La Stampa, 3 aprile 2021
La spia russa Shvets: «Siete il paese ideale per gli 007»
Il proliferare di partiti politici, la corruzione e l’inclinazione a chiacchierare della gente rendono l’Italia attraente per lo spionaggio russo». Yuri Borysovych Shvets, ex maggiore del Kgb ha operato, fra l’altro, a Washington sotto copertura come corrispondente dell’agenzia Tass. Tornato in patria, a causa di dissidi con l’intelligence, gli è stato impedito di recarsi all’estero. Nel 1993 è riuscito però a tornare negli Stati Uniti, dove ha ottenuto la cittadinanza. Nel 2006, Shvets è emerso come potenziale testimone chiave dell’avvelenamento dell’ex ufficiale dei servizi russi Alexander Litvinenko. A lui è ispirato il libro American Kompromat di Craig Unger.
Cosa ne pensa di ciò che è avvenuto in Italia?
«L’Italia è stata sempre un Paese di particolare rilevanza per l’intelligence sovietica e russa. Appartiene al "fianco sud-orientale" della Nato da sempre utilizzato da Mosca come una fonte importante di informazioni militari. A "gestirla" è il distretto di Odessa, quello con la maggiore concentrazione di sistemi, armamenti e personale specializzato da sempre usato anche per spiare il vostro Paese».
Di cosa vanno a caccia gli 007 russi in Italia?
«Tutto ciò che riguarda l’Alleanza, il concorrente più temuto a Mosca dopo gli Stati Uniti. Fanno gola tutte le informazioni sui sistemi di armamento e ogni tipo di sviluppo riguardante il comparto di alta tecnologia, soprattutto quello con doppio utilizzo, civile e militare».
Le operazioni hanno successo?
«La qualità delle attività negli ultimi tempi sta peggiorando, con un numero crescente di fallimenti in Europa, Germania, Francia, Bulgaria, Lituania, Estonia, ma anche altrove, come in Colombia».
Chi agisce direttamente?
«In questo caso sono stati gli 007 militari del GRU, ma l’Italia è uno Stato chiave per il Federal Security Service (Fsb) e il Foreign Intelligence Service (SVR). La strategia di Mosca è creare falle e indebolire le alleanze occidentali come Nato ed Ue per trovare sponde bilaterali nei Paesi occidentali grazie a cui contrastare la debolezza economica russa».

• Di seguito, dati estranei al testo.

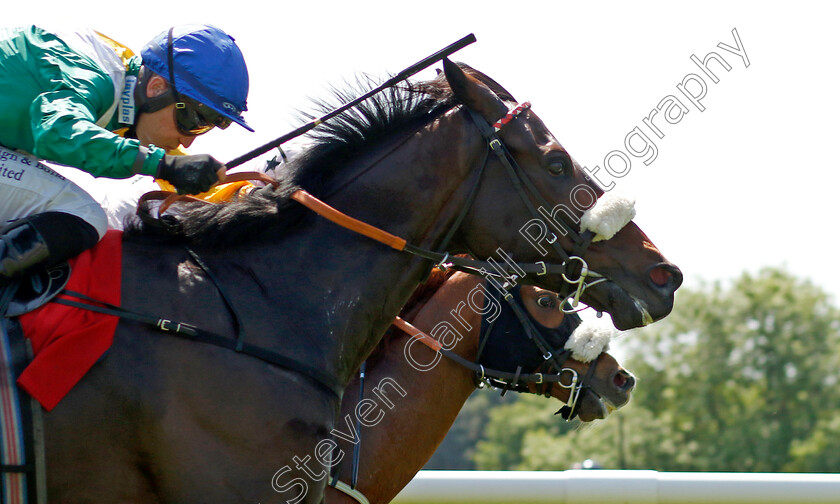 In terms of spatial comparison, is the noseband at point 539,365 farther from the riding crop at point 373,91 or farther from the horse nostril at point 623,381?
the riding crop at point 373,91

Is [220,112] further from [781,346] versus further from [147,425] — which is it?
[781,346]

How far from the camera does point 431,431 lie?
4660 millimetres

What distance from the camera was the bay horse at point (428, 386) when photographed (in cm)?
441

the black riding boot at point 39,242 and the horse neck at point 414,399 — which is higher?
the black riding boot at point 39,242

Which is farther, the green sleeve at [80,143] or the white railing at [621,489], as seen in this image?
the white railing at [621,489]

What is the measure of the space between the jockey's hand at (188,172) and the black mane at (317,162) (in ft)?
0.81

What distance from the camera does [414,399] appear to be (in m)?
4.64

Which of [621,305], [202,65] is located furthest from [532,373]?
[202,65]

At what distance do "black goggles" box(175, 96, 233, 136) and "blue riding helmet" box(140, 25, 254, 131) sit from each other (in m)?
0.04

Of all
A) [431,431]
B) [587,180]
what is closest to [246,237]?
[587,180]

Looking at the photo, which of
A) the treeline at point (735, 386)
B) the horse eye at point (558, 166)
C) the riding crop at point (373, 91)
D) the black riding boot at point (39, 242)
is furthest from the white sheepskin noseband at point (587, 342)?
the treeline at point (735, 386)

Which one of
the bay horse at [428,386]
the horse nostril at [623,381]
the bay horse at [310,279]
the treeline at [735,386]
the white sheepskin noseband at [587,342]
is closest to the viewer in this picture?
the bay horse at [310,279]

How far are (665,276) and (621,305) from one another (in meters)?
0.24

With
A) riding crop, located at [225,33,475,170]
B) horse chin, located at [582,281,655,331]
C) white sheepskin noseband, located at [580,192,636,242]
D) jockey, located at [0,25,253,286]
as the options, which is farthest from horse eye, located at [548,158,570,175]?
jockey, located at [0,25,253,286] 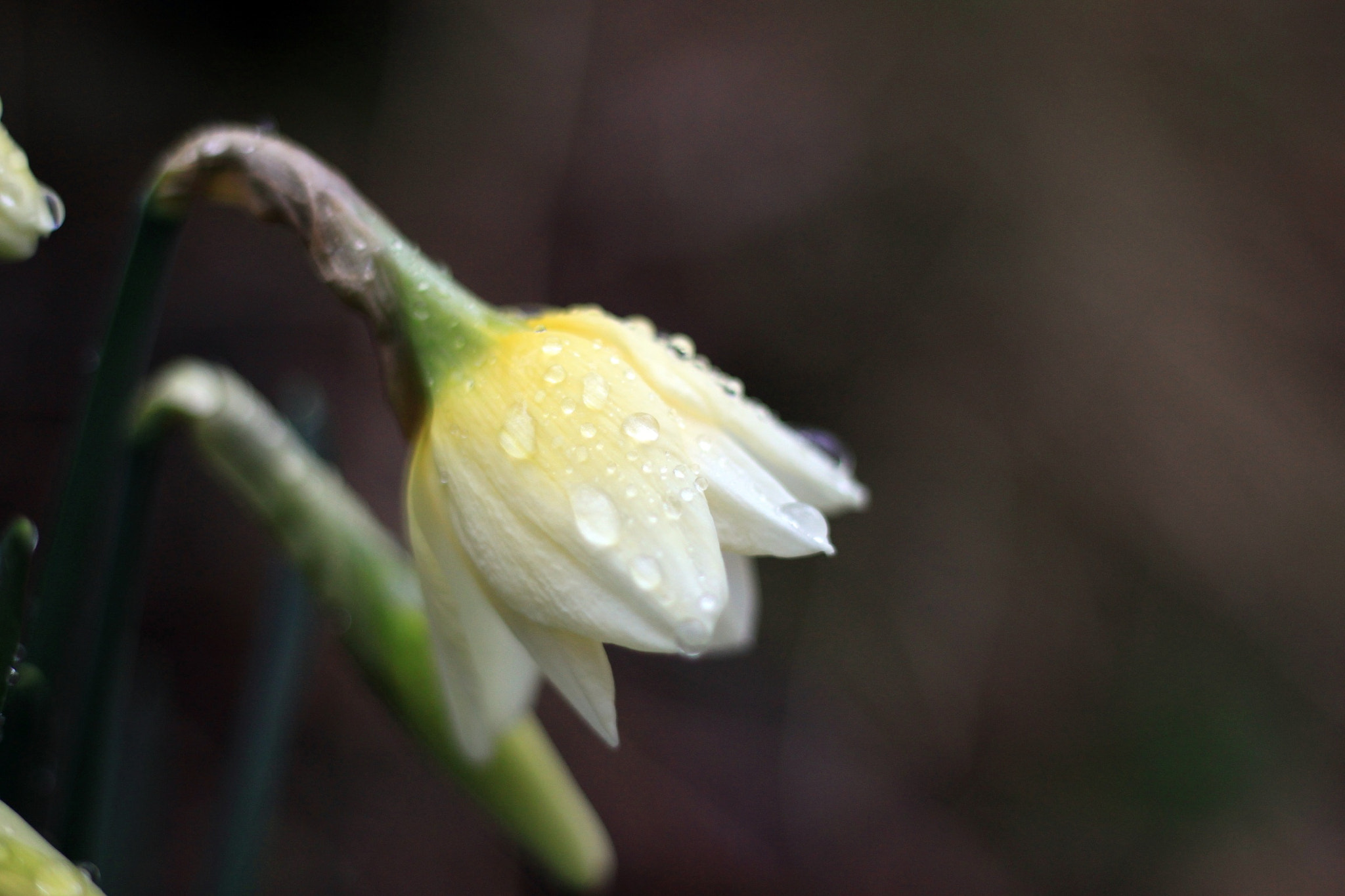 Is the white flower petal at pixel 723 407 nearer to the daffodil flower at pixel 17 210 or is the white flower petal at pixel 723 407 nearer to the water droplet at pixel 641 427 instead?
the water droplet at pixel 641 427

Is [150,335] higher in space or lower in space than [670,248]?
higher

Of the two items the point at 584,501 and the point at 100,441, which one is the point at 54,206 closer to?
the point at 100,441

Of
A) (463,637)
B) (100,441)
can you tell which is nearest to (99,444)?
(100,441)

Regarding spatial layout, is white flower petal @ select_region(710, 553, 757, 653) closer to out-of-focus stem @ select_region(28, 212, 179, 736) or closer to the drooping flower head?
the drooping flower head

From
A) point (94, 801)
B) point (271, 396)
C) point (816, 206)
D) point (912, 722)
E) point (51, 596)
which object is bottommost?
point (912, 722)

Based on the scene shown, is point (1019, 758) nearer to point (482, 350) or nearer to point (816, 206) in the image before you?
point (816, 206)

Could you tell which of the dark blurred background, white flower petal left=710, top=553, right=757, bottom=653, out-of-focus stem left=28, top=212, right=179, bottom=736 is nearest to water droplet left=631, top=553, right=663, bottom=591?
white flower petal left=710, top=553, right=757, bottom=653

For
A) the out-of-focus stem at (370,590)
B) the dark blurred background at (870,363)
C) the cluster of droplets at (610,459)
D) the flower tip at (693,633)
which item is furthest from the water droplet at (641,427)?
the dark blurred background at (870,363)

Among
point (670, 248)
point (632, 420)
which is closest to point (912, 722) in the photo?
point (670, 248) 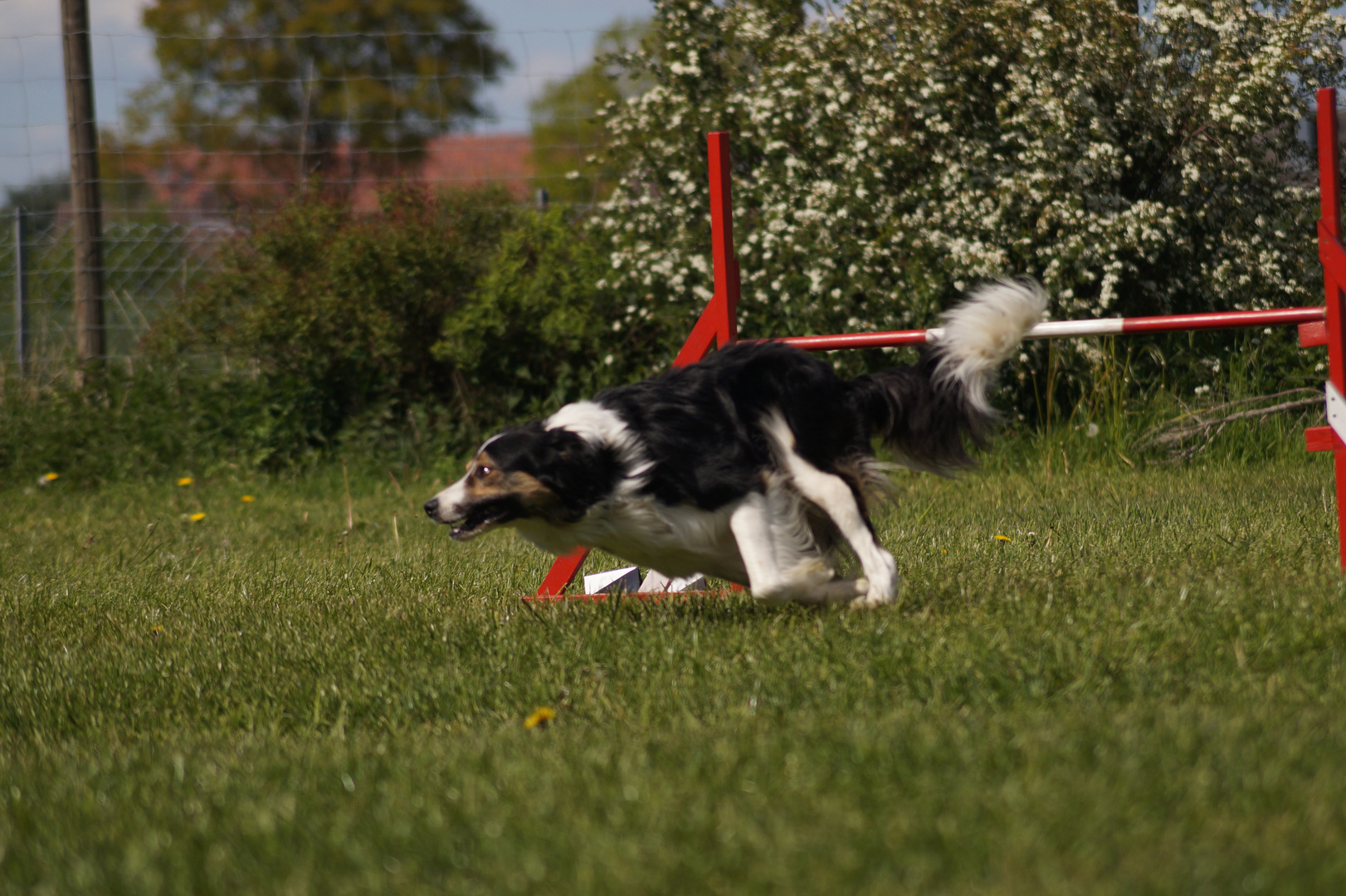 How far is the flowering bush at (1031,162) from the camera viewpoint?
23.4 ft

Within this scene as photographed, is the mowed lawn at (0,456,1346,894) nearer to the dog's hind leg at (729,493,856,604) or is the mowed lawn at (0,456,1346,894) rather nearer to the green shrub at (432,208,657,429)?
the dog's hind leg at (729,493,856,604)

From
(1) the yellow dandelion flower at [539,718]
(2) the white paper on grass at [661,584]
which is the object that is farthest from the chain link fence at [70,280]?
(1) the yellow dandelion flower at [539,718]

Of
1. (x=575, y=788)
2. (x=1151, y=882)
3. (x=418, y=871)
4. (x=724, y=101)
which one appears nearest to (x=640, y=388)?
(x=575, y=788)

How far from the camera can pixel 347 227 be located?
28.3 ft

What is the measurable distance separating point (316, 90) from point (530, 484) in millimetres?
12469

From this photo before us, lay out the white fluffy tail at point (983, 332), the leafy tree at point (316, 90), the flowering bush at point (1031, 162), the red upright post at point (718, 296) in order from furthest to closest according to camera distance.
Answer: the leafy tree at point (316, 90), the flowering bush at point (1031, 162), the red upright post at point (718, 296), the white fluffy tail at point (983, 332)

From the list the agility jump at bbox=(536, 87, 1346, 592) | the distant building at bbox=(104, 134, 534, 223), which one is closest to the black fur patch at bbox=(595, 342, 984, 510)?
the agility jump at bbox=(536, 87, 1346, 592)

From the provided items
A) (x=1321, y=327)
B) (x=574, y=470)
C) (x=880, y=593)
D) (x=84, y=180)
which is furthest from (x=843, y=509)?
(x=84, y=180)

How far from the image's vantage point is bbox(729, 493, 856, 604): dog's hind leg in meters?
3.51

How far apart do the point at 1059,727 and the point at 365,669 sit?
6.06ft

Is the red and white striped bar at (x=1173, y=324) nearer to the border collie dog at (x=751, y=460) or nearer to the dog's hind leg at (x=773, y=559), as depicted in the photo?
the border collie dog at (x=751, y=460)

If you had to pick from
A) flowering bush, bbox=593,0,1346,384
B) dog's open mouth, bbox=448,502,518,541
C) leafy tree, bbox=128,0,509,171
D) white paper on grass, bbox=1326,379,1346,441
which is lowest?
dog's open mouth, bbox=448,502,518,541

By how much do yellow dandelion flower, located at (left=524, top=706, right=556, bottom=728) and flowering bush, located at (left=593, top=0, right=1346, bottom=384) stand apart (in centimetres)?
514

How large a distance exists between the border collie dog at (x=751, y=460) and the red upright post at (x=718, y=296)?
14.6 inches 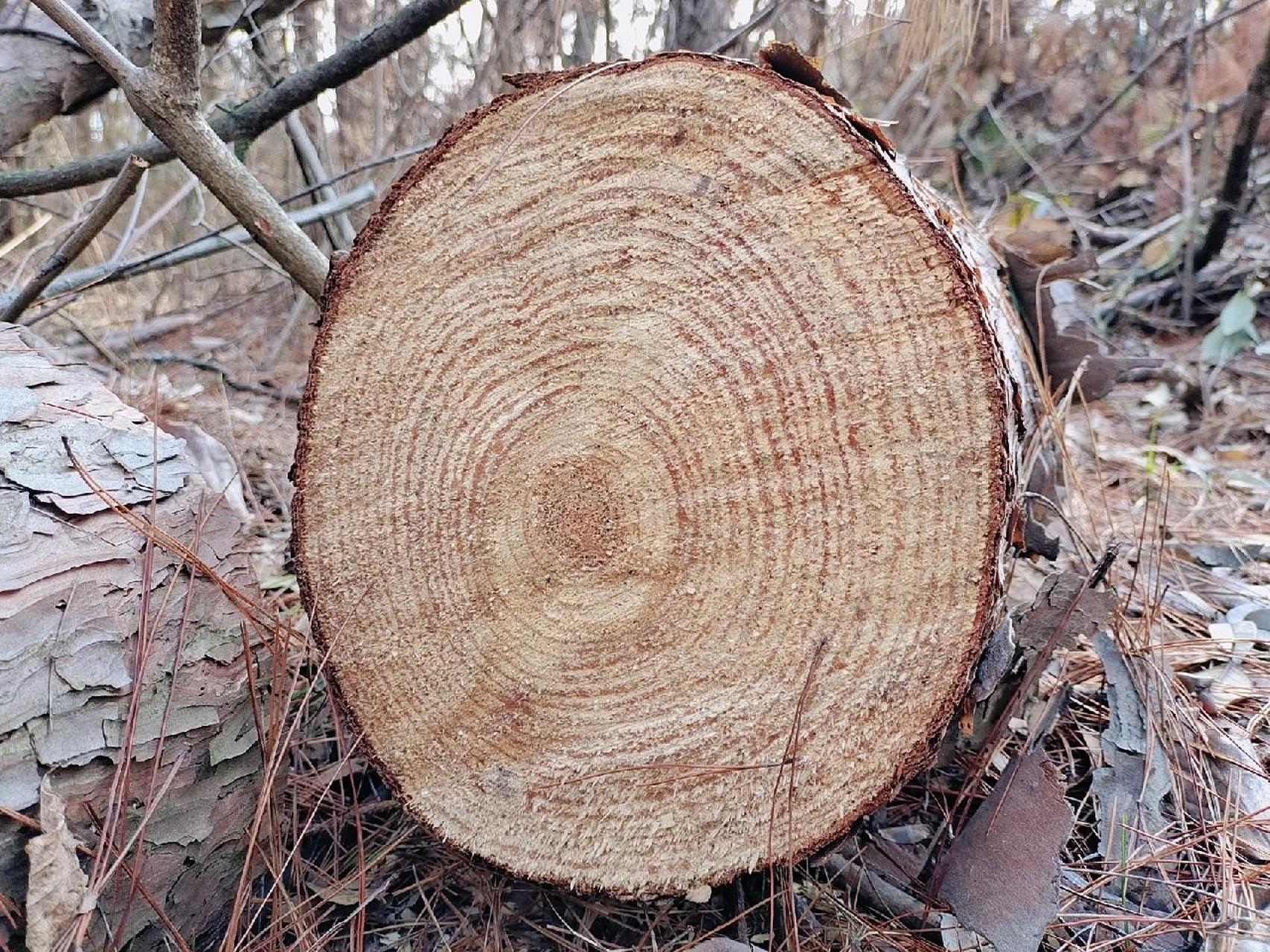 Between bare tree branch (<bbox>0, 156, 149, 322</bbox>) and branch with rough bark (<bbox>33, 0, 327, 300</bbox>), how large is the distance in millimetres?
82

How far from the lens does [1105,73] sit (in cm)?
499

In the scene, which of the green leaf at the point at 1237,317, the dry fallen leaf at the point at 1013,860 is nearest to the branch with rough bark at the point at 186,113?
the dry fallen leaf at the point at 1013,860

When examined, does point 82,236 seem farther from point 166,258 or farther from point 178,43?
point 166,258

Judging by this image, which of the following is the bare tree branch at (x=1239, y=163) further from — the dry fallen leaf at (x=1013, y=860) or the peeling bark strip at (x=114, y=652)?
the peeling bark strip at (x=114, y=652)

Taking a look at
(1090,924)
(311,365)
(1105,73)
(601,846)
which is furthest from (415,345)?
(1105,73)

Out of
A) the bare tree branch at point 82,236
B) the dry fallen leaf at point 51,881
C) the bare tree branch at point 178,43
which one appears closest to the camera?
the dry fallen leaf at point 51,881

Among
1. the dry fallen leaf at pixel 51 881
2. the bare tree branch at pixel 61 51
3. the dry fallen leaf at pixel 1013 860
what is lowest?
the dry fallen leaf at pixel 1013 860

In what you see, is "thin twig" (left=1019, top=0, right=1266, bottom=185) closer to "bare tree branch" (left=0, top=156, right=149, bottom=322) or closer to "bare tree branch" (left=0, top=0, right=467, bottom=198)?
"bare tree branch" (left=0, top=0, right=467, bottom=198)

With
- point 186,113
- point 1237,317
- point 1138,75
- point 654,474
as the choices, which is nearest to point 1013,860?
point 654,474

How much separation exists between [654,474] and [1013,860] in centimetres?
73

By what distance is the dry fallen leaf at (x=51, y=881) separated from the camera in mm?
991

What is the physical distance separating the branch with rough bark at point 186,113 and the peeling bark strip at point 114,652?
0.40m

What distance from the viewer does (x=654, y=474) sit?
3.91 feet

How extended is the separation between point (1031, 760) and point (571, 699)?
27.1 inches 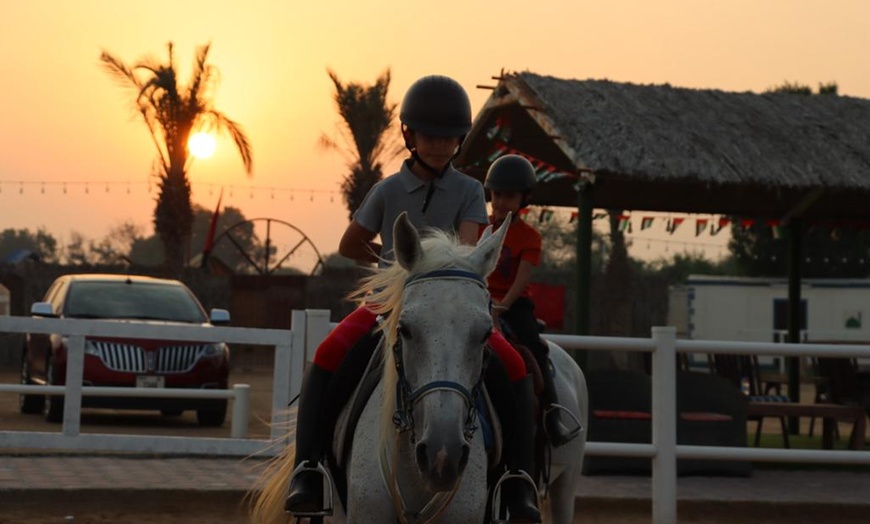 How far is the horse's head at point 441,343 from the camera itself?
160 inches

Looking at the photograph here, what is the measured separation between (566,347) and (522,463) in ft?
17.8

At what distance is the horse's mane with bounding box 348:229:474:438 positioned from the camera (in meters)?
4.56

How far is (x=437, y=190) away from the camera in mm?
5297

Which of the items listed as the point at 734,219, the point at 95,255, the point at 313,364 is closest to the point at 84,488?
the point at 313,364

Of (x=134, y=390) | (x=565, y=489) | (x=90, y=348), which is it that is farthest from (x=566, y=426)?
(x=90, y=348)

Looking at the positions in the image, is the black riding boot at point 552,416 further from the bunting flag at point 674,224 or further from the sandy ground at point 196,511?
the bunting flag at point 674,224

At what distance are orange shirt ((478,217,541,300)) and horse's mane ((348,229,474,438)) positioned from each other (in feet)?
5.78

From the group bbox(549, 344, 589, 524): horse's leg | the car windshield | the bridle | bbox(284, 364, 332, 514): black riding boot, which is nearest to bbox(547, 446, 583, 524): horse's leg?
bbox(549, 344, 589, 524): horse's leg

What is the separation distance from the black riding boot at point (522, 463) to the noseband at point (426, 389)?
0.53 meters

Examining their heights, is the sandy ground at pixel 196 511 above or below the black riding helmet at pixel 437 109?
below

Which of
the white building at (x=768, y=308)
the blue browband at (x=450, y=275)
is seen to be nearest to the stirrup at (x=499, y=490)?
the blue browband at (x=450, y=275)

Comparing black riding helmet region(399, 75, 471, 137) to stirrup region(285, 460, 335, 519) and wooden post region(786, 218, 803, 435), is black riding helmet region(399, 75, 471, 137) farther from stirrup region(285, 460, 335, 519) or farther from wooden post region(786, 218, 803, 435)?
wooden post region(786, 218, 803, 435)

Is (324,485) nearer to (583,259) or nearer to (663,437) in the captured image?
(663,437)

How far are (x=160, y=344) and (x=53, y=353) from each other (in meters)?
1.23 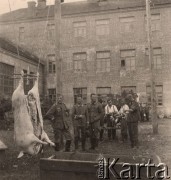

Si concentrano sull’Italia perché lo giudicano il ventre molle dell’Occidente?
«Lo è sempre stato dalla Seconda guerra mondiale. L’Italia è differente dagli altri Paesi, gli italiani sono persone aperte, amichevoli e parlano tanto. Si chiaro, sulla carta si tratta di pregi, ma sono vulnerabilità quando si tratta di sicurezza nazionale. Con loro è più facile allacciare rapporti di amicizia e coltivarli nel tempo».
Ci sono anche responsabilità politiche?
«Si certo, un vantaggio per gli agenti stranieri è data dalla molteplicità di partiti e politici che offrono una vasta gamma di opportunità per chi vuole incassare informazioni. Si può andare dall’uno o dall’altro a seconda della necessità o dell’opportunità. È più facile che si creino vulnerabilità e chiavi di accesso, a volte pagando, o ventilando opportunità politiche o di affari. E poi, la corruzione nel vostro Paese è un problema così come in Russia, e questo rappresenta un terreno fertile per l’intelligente di Mosca».
Quanto accaduto in Italia è più un fatto di intelligence o un caso geopolitico?
«Cinquemila dollari a mano è poco, credo che si trattasse di informazioni di basso livello, di solito i russi mettono sul piatto cifre assai più alte. Quando serve possono pagare anche milioni di euro».